Media & Entertainment | Retail & E-Commerce | Youth & Gen X

Though the amount of music that US consumers acquired increased 6% year over year in 2007, a sharp increase in legal digital download revenue did not offset declines in CD sales, resulting in a net 10% decline in music spending, according to the NPD Group.

Per-capita music spending among internet users fell from $44 in 2006 to $40 in 2007, and as a result the overall portion of music acquisition that consumers actually paid for fell to 42% in 2007 from 48% in 2006, NPD said.

One million consumers dropped out of the CD buyer market in 2007, NPD estimates, saying that flight was led by younger consumers: 48% of US teens did not purchase a single CD in 2007, compared with 38% in 2006.

Among other findings:

  • Legal music downloads now account for 10% of the music acquired in the US. Reflecting that growth, in 2007 Apple’s iTunes Music Store became the second-largest music US retailer (based on a 12-track CD equivalency for music tracks sold) after Wal-Mart.
  • Some 29 million consumers acquired digital music legally, via pay-to-download sites last year, which is an increase of 5 million over the previous year. Sales growth was largely driven by consumers age 36 to 50 – a segment that was aggressively acquiring digital music players in 2007.
  • The percentage of the US internet population engaging in peer-to-peer (P2P) file sharing reached a plateau of 19% last year; however, the number of files that each user downloaded increased, and P2P music sharing continued to grow aggressively among teens.

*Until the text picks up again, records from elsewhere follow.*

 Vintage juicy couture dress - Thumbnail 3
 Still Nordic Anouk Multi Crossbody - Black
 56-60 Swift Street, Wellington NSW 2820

“The continued growth in legal download sites is encouraging, yet the industry struggles to improve the value of each digital customer,” said Russ Crupnick, entertainment industry analyst for The NPD Group. “With so many baby boomers and gen-Xers entering the market, there are certainly opportunities to sell more digital albums, promote older catalog titles, or create bundles that will raise revenues. In the near term that’s going to be the best means available to narrow the gap on dwindling CD revenues.”

Illegal Downloads Still Popular among Kids

The music industry’s aggressive litigiousness vis-?-vis illegal music file-sharing has not dissuaded many tweens from continuing to illegally download music, although most kids are using legal means to access music, NPD said.

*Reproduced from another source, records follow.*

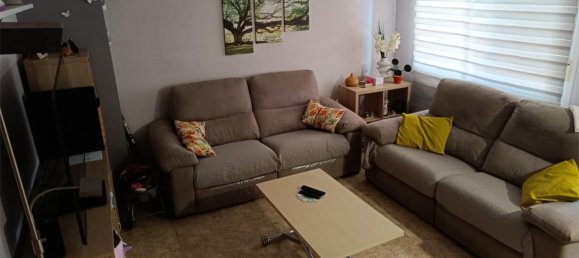 4 bedrooms Townhouse in Tarragona, Spain No. 181147 10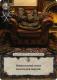 Portal Games Gra Terrors of London: Gadzi Grobowi 16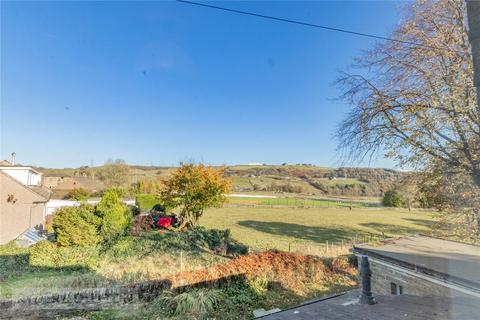 3 bedroom terraced house for sale, West View Terrace, Bradshaw, Halifax, West Yorkshire, HX2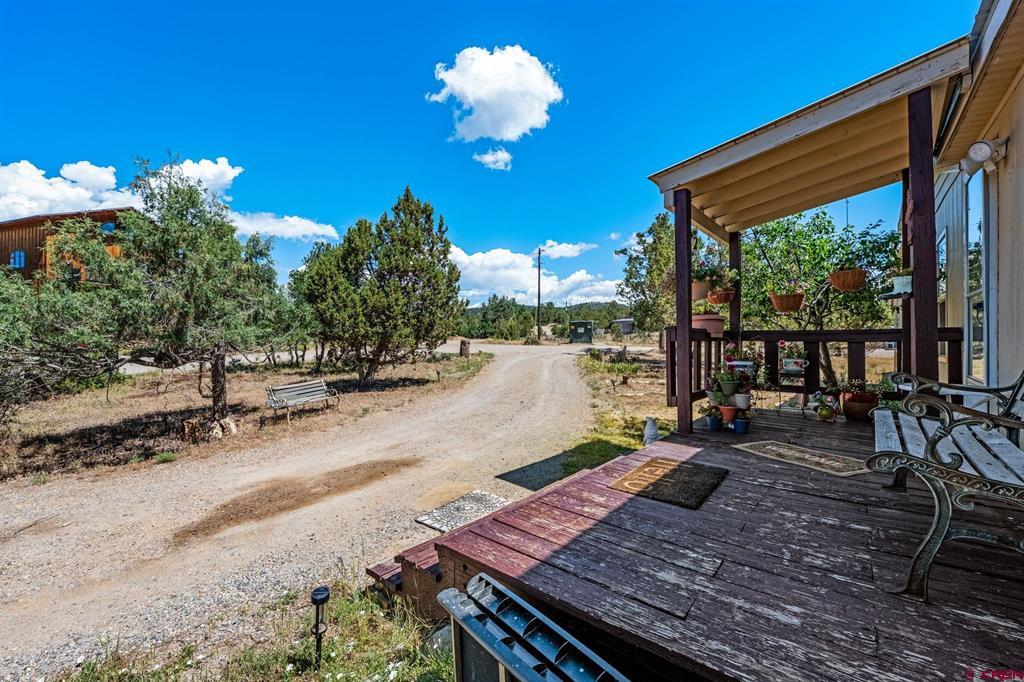 150 Pine Ridge Road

According to its “Kids & Digital Content” report, 70% of tweens (age 9-14) are downloading digital music in an average month. Though most are using pay-to-download, levels of illegal P2P file-sharing are high, it found:

  • Used by nearly half of tweens who download music, iTunes is the most popular digital music store (49%).
  • However, the second most popular source for digital music among tweens is the Limewire file-sharing service, used by 26% of digital tweens to illegally share music.
  • MySpace was the third most popular site for music sharing, used by 16% of tweens.

“The music industry hoped that litigation and education might encourage parents to keep better tabs on their kids’ digital music activities, but the truth is many kids continue to share music via P2P,” said Russ Crupnick, vice-president and entertainment industry analyst for the NPD Group.

Among NPD’s findings:

  • Two-thirds of tweens who use the internet reported that they are allowed to access the web themselves, without adult supervision.
  • When asked who helps them download music from the web, 59% reported doing it all by themselves.
  • NPD also reported that 76% of tweens who got free digital content were required to register an email address to download content.
  • Nearly half (47%) reported they first had to download standalone software from the web in order to download content from online music stores and P2P file-sharing services.

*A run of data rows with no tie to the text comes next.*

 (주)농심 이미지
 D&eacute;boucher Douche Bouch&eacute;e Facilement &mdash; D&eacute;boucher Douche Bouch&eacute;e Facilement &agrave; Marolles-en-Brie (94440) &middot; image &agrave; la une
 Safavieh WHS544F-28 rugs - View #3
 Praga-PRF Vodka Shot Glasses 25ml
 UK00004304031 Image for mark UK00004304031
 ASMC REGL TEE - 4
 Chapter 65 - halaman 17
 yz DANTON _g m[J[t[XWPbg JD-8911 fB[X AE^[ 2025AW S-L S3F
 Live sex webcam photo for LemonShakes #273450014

“Findings in this report suggest that the industry can still do more to promote specific ways children can obtain digital music legally, through pre-paid accounts and gift cards. Another potential way to reach kids is through industry-sanctioned ad-supported web destinations where kids can obtain digital music safely and legally,” said Crupnick.

About the data: US music-acquisition information is derived from NPD’s Digital Music Study and NPD MusicWatch. The study surveyed 5,000 consumers, weighted to reflect the US Internet population (age 13 and older). Music Watch tracks past seven-day music purchase habits of the US population age 13 and older.

About the “Kids & Digital Content Report”: A survey invitation was emailed to a nationally representative sample of parents with kids age 2 to 14 living in the household. The report is based on 3,376 completed surveys from qualified respondents. The final survey data is weighted to represent the US population of kids age 2-14. the information presented here focuses on tweens – children between the ages of 9 and 14.